AlvaBuilder is a software tool for de novo molecular design (Mauri, A., & Bertola, M. (2024). AlvaBuilder: A Software for De Novo Molecular Design. Journal of Chemical Information and Modeling, 64(7), 2136–2142. https://doi.org/10.1021/acs.jcim.3c00610; Mauri, A., Bertola, M. (2022). De novo molecular design with genetic algorithms using alvaBuilder. ACS Fall 2022. https://doi.org/10.1021/scimeetings.2c00526). With its simple interface, it can be used to generate novel molecules having a desirable set of properties starting from a training set of your choice.
Genetic Algorithms
The drug-like chemical space has an estimated size of up to 1060 molecules. Searching through such a vast space can be a daunting activity. Genetic Algorithms can be used to tackle this problem by generating new molecules that have desired properties. Using alvaBuilder, new molecules can be designed to have certain molecular descriptor values, to have specified predictions for given QSAR / QSPR models or to be similar to target compounds. You can combine all the desired properties in the definition of a score function. The Genetic Algorithms of alvaBuilder will generate the new molecules by optimizing the defined score function.

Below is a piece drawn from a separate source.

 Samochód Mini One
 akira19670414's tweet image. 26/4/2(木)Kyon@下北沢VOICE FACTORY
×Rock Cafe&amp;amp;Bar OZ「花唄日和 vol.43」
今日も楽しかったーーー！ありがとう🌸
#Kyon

Target molecular descriptors
A rule can be defined to generate molecules that have a target value for a specific molecular descriptor. The target can be defined as:
- Less than or equal to a given value
- Greater than or equal to a given value
- Equal to a given value
- Between two values (Range)
You can choose among a set of constitutional descriptors, such as the molecular weight (MW), the number of atoms (nAT) and bonds (nBT), the absolute and relative occurrence frequency of specific atom and bond types, as well as bonds and rings related properties like the rotatable bond number (RBN), the number of rings (nCIC), circuits (nCIR) and ring systems (NRS).
AlvaBuilder includes descriptors that can be used to evaluate specific structural features like the number of donor atoms for H-bonds (nHDon), the number of acceptor atoms for H-bonds (nHAcc) and the number of bridgehead (nBridgeHead) and spiro (nSpiro) atoms.
In addition to descriptors that can be used to define size and composition of a molecule, alvaBuilder provides a wide set of molecular properties, drug-like and lead-like indices that can be used to define the physicochemical characteristics of the newly designed molecules.
Molecular properties can be used to define a target value for molar refractivity (MRcons), octanol-water partition coefficient (LOGPcons), LogS aqueous solubility (ESOL), topological polar surface area (TPSA(tot), TPSA(NO)), surface area (SAtot, SAacc, SAdon) as well as McGowan (Vx) and van der Waals volumes (VvdwMG, VvdwZAZ).
Three base-line toxicities for Fish (BLTF96), Daphnia (BLTD48) and Algae (BLTA96) defined by Verhaar and based on Moriguchi LogP (MLOFP) are provided.
Since synthesizability is an important issue when dealing with de novo molecular generation, alvaBuilder includes also the synthetic accessibility score of drug-like molecules (SAscore) that provides a quantitative estimation of synthetic accessibility of molecules.
A diverse set of drug-like and lead-like indices are available, including the Lipinski’s rule of five (Ro5), LLS_01 that is based on the well known rule of three (Ro3) and the quantitative estimate of drug-likeness (QED).
Target QSAR/QSPR model
It is possible to define a rule to design molecules that yield a certain prediction value for a given regression or classification model. The QSAR / QSPR model must be contained in an alvaRunner project. The rule can also make use of the Applicability Domain (AD) i.e., rewarding those molecules that are inside the AD of the selected model and therefore preferring those compounds that fall within the theoretical region of the chemical space where a model’s prediction is considered to be reliable.
Target molecule
You can choose to generate compounds based on the similarity to target molecules. This can be achieved either by specifying:
- the whole molecule as a SMILES
- or through the SMARTS notation.
In the first case, the similarity is calculated using the Tanimoto distance on the molecular fingerprints. Instead, using the SMARTS, you can define molecular patterns that you want your final molecules to match or not to match (e.g., to avoid unwanted functional groups).
If needed, you can also define a list of molecular fragments that should always be included in each designed molecule.
Graphical user interface
An easy to use GUI allows you to manage the de novo molecule generation:
Using a simple step-by-step procedure (wizard) you can define the target properties you want the new molecules to have and start the generation.
Video
A short video introduction:
De novo molecular design with genetic algorithms using alvaBuilder:
Platforms
The software is 64bit and it’s available for Windows, Linux and macOS.